Tokens & NFTs
A tutorial for working with Ethereum token and NFT data.
Estimated time to complete: ~10 minutes

Overview

Spice makes it easy to use bulk Ethereum token and NFT data. Traditional RESTful APIs usually limit results to 100s per page. Spice supports the high-performance, vectorized binary format Apache Arrow that enables retrieving millions of rows in a single request.
Spice has automated, on-chain token detection for ERC-20, ERC-721, and ERC-1155 tokens generating token-specific and NFT datasets in real-time.
In this tutorial, we'll explore how to use these datasets to answer the following questions:
  • How many NFTs exist? How many of them are ERC-721 NFTs vs ERC-1155 NFTs?
  • Which ERC-721 contracts had the most token mints in the last 30 minutes?
  • Which contracts had the most NFT airdrops in March 2021, the month the largest NFT transfer took place?
  • Who are the current owners of all Ethereum NFTs?
  • Using the standards compliance confidence for a specific application.

Tokens and NFTs

While any smart contract can technically create a "token," the Ethereum Foundation publishes a set of common Token Standards, which help ensure composability and compatibility with other smart contracts.
Let's explore tokens and contracts and their Spice datasets before jumping into the questions.

Tokens vs Contracts

The words tokens and contracts are often used interchangeably but according to the Ethereum Foundation they have specific definitions. A contract (or smart contract) is a program that runs on the Ethereum blockchain. It's a collection of code (its functions) and data (its state) that resides at a specific address on the Ethereum blockchain. A token is a crypto asset that can be utilized on blockchain ecosystems for economic, governance, or other purposes. A token contract is the implementation of a token.
Some tokens have an entire contract dedicated to their implementation, as with ERC-20 tokens. Other contract implementations may include many different tokens, such as with the ERC-721 and ERC-1155 standards.
Spice supports the major token standards in use: ERC-20, ERC-721, and ERC-1155.
Spice uses the convention that a "token" refers to the "contract that implements a token standard". To refer to the logical tokens that exist as part of a contract we will use the term "nfts (non-fungible tokens)", "fungible tokens" or "token transfers". E.g. There is one Bored Ape Yacht Club contract and many NFT tokens.

Token Contracts Datasets

Datasets related to token contracts. I.e. The Bored Ape Yacht Club contract appears only once in each dataset.
  • eth.contracts - Deployed contracts with their bytecode, function sighashes, token standard detection status, and detection confidence.
  • eth.tokens - Token contracts with their name, symbol, decimals, and total supply along with the status of each token standard.
    • eth.tokens_erc20, eth.tokens_erc721, eth.tokens_erc1155 - Identical to eth.tokens but filtered to each token standard
  • eth.nft_contracts - Similar to eth.tokens but filtered only to contracts that have at least one minted NFT.

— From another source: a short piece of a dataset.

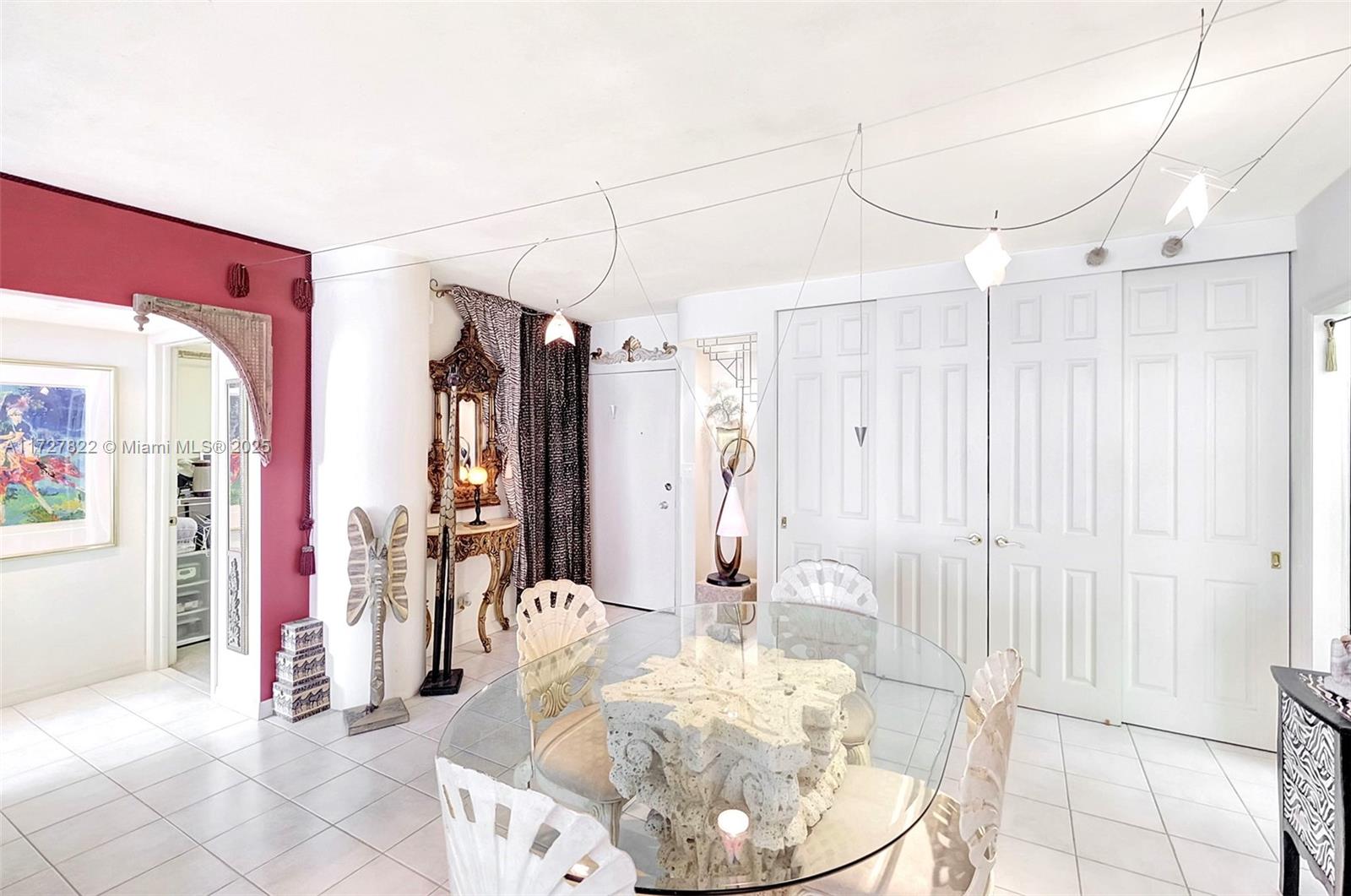 THE CARRIAGE CLUB NORTH - Residential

NFT & Token Transfer Datasets

Datasets related to individual NFTs and logical token transfers. I.e. All ~10,000 NFTs in the Bored Ape Yacht Club collection are included, along with transfers, and the current owner of each.
  • eth.nfts - NFTs and their token standard compliance status.
  • eth.nft_owners - NFTs and their current owner.
  • eth.token_transfers - Transfers of tokens including mints and burns.
    • eth.recent_token_transfers - The token_transfers dataset filtered to the last 30 minutes. Several Spice datasets have a corresponding recent_ table that follows this pattern.
    • eth.token_transfers_erc20, eth.token_transfers_erc721, eth.token_transfers_erc1155 - token_transfers filtered to each token standard.
  • eth.nft_transfers - NFT transfers. A subset of eth.token_transfers filtered to all ERC-721 transfers and ERC-1155 transfers of NFTs.
    • eth.recent_nft_transfers - nft_transfers filtered to the last 30 minutes.
The ERC-1155 token standard is a "multi-token" standard that can contain both NFTs and fungible tokens. The eth.nft_ datasets refer to the subset of ERC-1155 tokens that are NFTs.
  • eth.nft_airdrop_transfers - nft_transfers filtered to transfers where no ether was exchanged.
    • eth.recent_nft_airdrop_transfers - nft_airdrop_transfers filtered to the last 30 minutes.

Questions

How many NFTs exist? How many of them are ERC-721 NFTs vs ERC-1155 NFTs?

We can answer this question using eth.nfts by counting how many NFTs there are for each token standard and combining them:
SELECT
count(CASE WHEN is_erc721 is true THEN 1 END) as erc721s,
count(CASE WHEN is_erc1155 is true THEN 1 END) as erc1155s
FROM eth.nfts
64 million ERC-721 NFTs and 1.1 million ERC-1155 NFTs

Which ERC-721 contracts have the most token mints in the last 30 minutes?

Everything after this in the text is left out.